## What needs to be done
Look in the listing below for the line that has "Toyota Fortuner 2.7L", then return it and each following line up to and including the one with "Scarpe Asics Gel", exactly and without pictures.

## Input
Segment Open

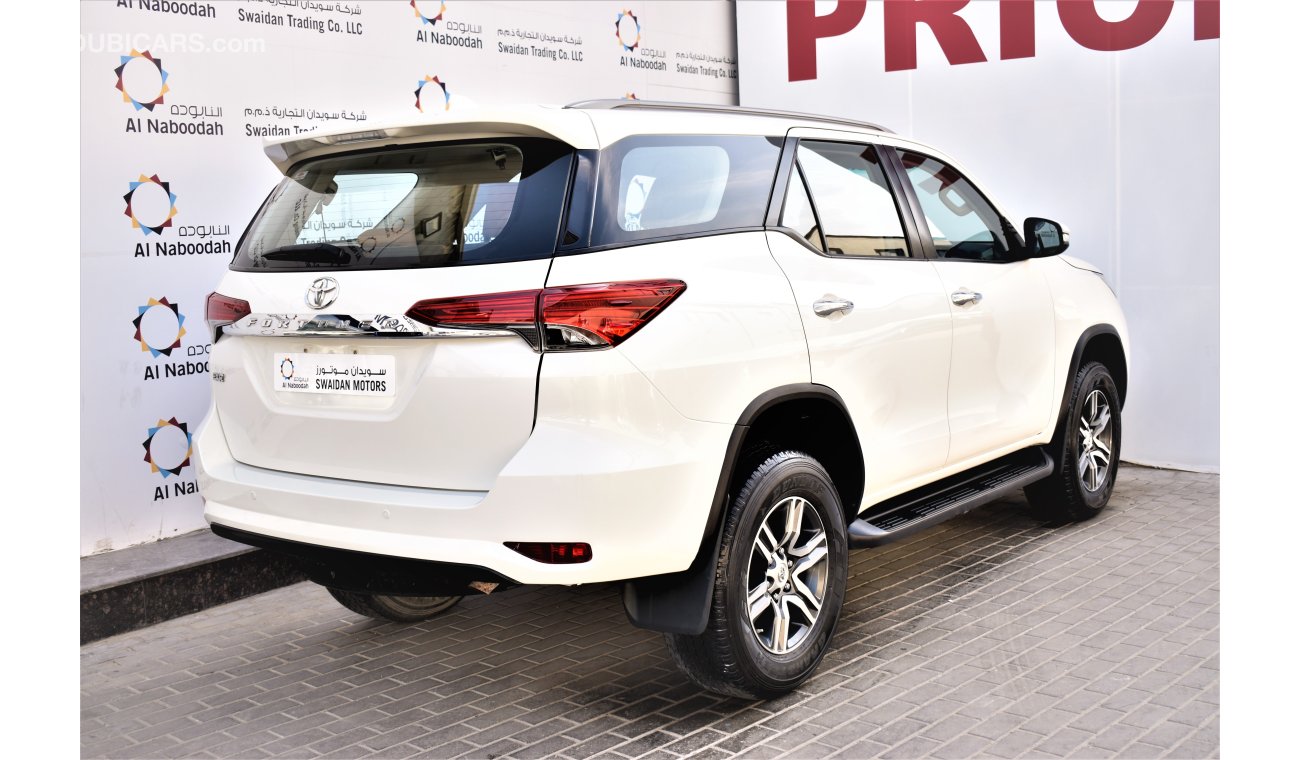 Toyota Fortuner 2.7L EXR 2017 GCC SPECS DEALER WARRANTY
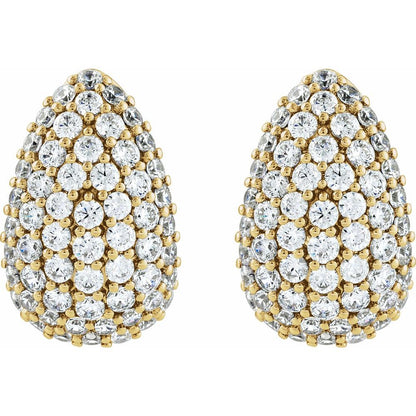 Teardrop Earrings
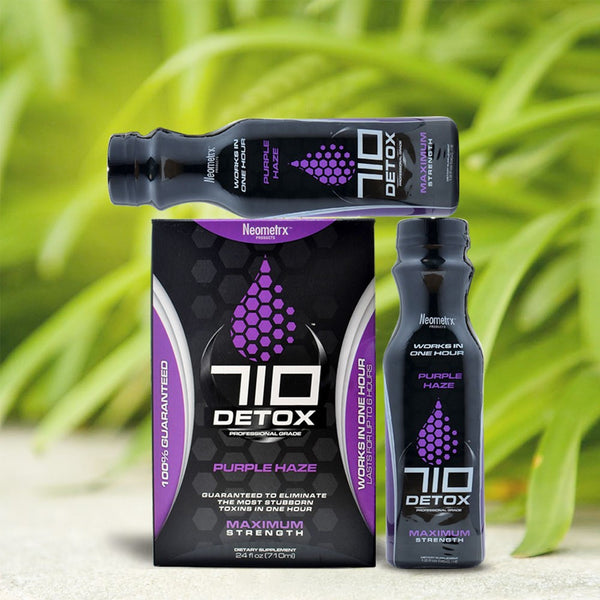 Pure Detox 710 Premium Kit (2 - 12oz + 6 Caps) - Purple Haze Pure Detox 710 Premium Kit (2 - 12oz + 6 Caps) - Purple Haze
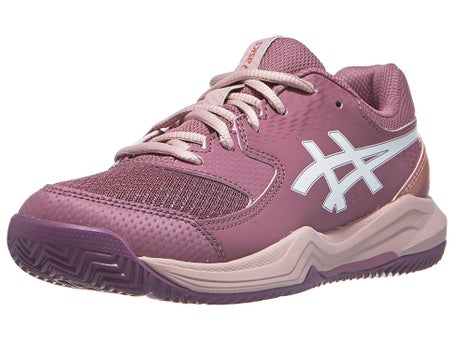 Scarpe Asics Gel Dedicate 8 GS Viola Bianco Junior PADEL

Segment Closed
Segment Open

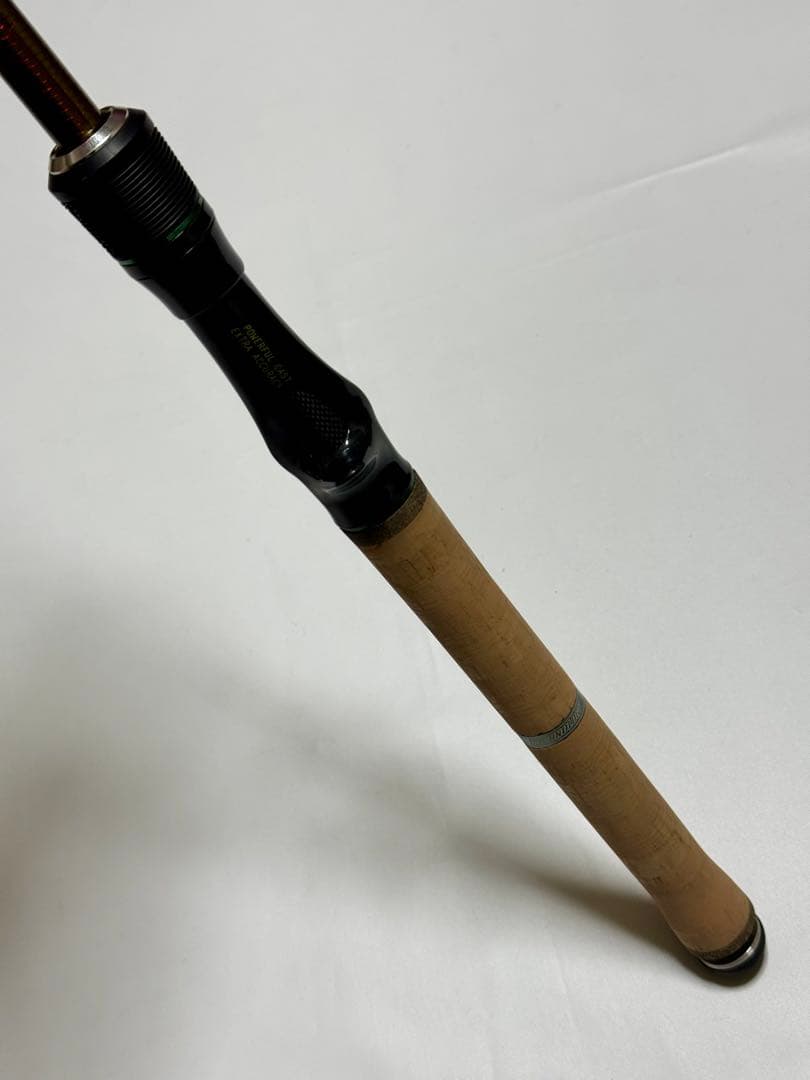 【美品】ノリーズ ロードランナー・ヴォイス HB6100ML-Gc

Segment Closed

## Result for this task
 Toyota Fortuner 2.7L EXR 2017 GCC SPECS DEALER WARRANTY
 Teardrop Earrings
 Pure Detox 710 Premium Kit (2 - 12oz + 6 Caps) - Purple Haze Pure Detox 710 Premium Kit (2 - 12oz + 6 Caps) - Purple Haze
 Scarpe Asics Gel Dedicate 8 GS Viola Bianco Junior PADEL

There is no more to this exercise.